When a picture appears in the listing, leave it out and copy the rest exactly as it stands.

### DATASET EXTRACT
== == ==

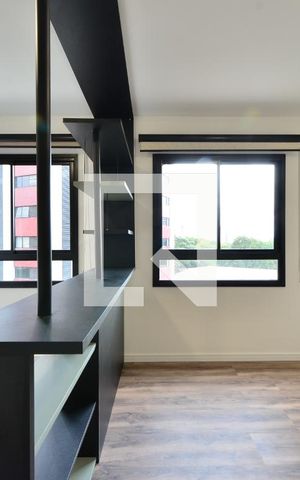 Studio para alugar com 25m², 1 quarto e sem vagaSala/Cozinha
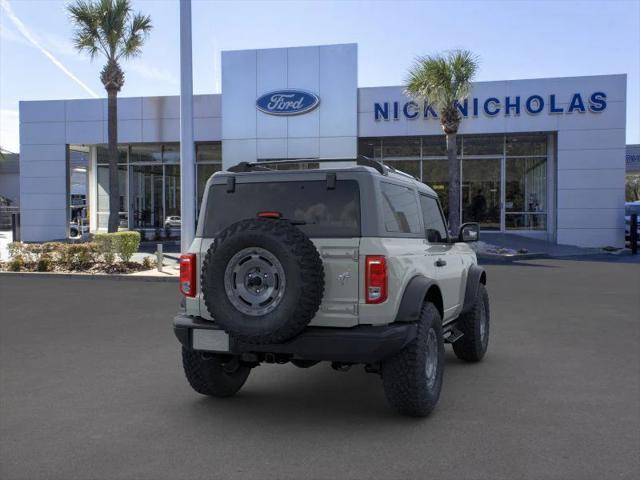 new 2024 Ford Bronco car, priced at $55,895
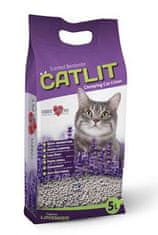 Catlit mačja stelja s sivko za mačke 4kg/5l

== == ==

### RESPONSE AREA
 Studio para alugar com 25m², 1 quarto e sem vagaSala/Cozinha
 new 2024 Ford Bronco car, priced at $55,895
 Catlit mačja stelja s sivko za mačke 4kg/5l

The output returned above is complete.